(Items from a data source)
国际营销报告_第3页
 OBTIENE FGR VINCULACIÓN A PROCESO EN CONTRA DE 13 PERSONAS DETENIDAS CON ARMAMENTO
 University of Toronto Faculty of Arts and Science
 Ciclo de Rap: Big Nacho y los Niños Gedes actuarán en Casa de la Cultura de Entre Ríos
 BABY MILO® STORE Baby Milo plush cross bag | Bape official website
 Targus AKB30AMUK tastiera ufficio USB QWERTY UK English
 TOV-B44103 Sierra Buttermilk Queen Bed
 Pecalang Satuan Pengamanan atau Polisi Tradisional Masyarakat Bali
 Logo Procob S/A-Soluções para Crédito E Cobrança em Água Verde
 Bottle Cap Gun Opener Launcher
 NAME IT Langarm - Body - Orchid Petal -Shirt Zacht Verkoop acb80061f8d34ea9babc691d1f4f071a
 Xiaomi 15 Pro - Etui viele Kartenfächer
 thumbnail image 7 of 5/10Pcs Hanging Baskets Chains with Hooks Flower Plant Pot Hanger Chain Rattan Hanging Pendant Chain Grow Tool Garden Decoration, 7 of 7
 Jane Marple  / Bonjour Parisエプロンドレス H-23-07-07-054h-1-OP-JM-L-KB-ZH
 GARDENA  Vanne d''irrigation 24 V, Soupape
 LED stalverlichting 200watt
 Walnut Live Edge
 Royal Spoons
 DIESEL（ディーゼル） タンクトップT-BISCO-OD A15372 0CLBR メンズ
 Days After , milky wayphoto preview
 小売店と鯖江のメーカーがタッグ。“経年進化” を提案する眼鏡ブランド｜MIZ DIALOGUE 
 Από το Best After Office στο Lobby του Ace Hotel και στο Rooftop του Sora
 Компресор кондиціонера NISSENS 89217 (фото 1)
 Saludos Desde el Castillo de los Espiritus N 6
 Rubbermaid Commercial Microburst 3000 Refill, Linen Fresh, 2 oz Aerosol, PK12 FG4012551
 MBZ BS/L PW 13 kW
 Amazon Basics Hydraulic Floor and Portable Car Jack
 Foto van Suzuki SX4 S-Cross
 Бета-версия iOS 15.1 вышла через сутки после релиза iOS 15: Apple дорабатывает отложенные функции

PROBLEM DESCRIPTION: Repeat precisely the lines of the data starting at the one containing "Amazon Basics Hydraulic", last line included.

WORKED SOLUTION:
 Amazon Basics Hydraulic Floor and Portable Car Jack
 Foto van Suzuki SX4 S-Cross
 Бета-версия iOS 15.1 вышла через сутки после релиза iOS 15: Apple дорабатывает отложенные функции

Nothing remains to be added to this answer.